To be sure, at least two Justices—Justices Kagan and Ginsburg—appeared to be aligned with the plaintiffs' point of view.  Justice Kagan suggested that the arbitration agreements were analogous to a contract provision that expressly waived claims under the Sherman Act; if the claims could not be litigated economically under the clause, that clause in Justice Kagan's view would be unenforceable per se—regardless of whether a plaintiff could as a practical matter vindicate the same claims in court.  But, as counsel for American Express pointed out, nothing in the arbitration agreement prevented plaintiffs from bringing any type of substantive claim; the clause therefore was not a "pure exculpatory clause" (to borrow a phrase used by the government's lawyer).

And AmEx's counsel made the critical point that a rejection of the Second Circuit's "effective vindication" approach would not insulate arbitration agreements from review for fairness.  In response to a hypothetical by Justice Kagan about whether an arbitration provision that precluded the introduction of certain kinds of evidence could be enforced, he explained that any such claimed defect in arbitral procedures can be addressed through generally applicable contract-law defenses (including unconscionability), as the FAA itself contemplates.

Both Justice Kagan and Justice Ginsburg asked a number of questions about the feasibility of arbitration, and in particular whether multiple plaintiffs could share the costs of pursuing claims (such as the fees charged by an expert witness) under American Express's arbitration agreement.  The plaintiffs had contended that a confidentiality requirement in the agreement precluded such cost-sharing—and indeed, conceded in their merits brief that if cost-sharing were available, they would be prepared to pursue arbitration of their claims.
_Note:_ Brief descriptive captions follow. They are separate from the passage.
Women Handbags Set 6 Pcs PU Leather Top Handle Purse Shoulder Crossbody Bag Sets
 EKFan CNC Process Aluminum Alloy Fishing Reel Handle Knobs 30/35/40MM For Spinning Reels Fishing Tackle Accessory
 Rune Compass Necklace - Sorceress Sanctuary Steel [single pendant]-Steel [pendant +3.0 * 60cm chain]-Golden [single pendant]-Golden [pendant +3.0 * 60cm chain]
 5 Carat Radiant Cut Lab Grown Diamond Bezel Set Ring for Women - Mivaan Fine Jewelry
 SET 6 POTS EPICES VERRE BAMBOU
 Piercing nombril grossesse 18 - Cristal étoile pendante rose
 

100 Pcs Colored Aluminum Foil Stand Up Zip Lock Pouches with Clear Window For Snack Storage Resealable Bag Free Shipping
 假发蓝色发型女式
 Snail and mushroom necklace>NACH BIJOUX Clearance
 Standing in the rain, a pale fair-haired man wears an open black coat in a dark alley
American Express argued that the confidentiality requirement imposed no limits on cost-sharing.  In response to a question by Chief Justice Roberts, its counsel stated unequivocally:  "Our position is that multiple claimants in arbitration could share the costs of an expert for preparation of a report."  And the Chief Justice, in turn, asked Clement (plaintiffs' counsel) a number of questions about why the plaintiffs (merchants who accept American Express cards) could not do so, expressing skepticism towards Clement's argument that the confidentiality provision would in fact restrict merchants from jointly obtaining an expert report and making use of it in a series of arbitrations.

In short, it seems likely to me likely—at least based on the argument—that the Second Circuit's holding will be rejected for three reasons:  (1) the weight of Concepcion's interpretation of the FAA; (2) the severe practical difficulties with the Second Circuit's "effective vindication" test, which would require assessing the merits of a plaintiffs' claims and the likelihood of class certification at the very outset of a case; and (3) the plaintiffs' concession that if cost-sharing were available, they can feasibly vindicate their claims in individual arbitration.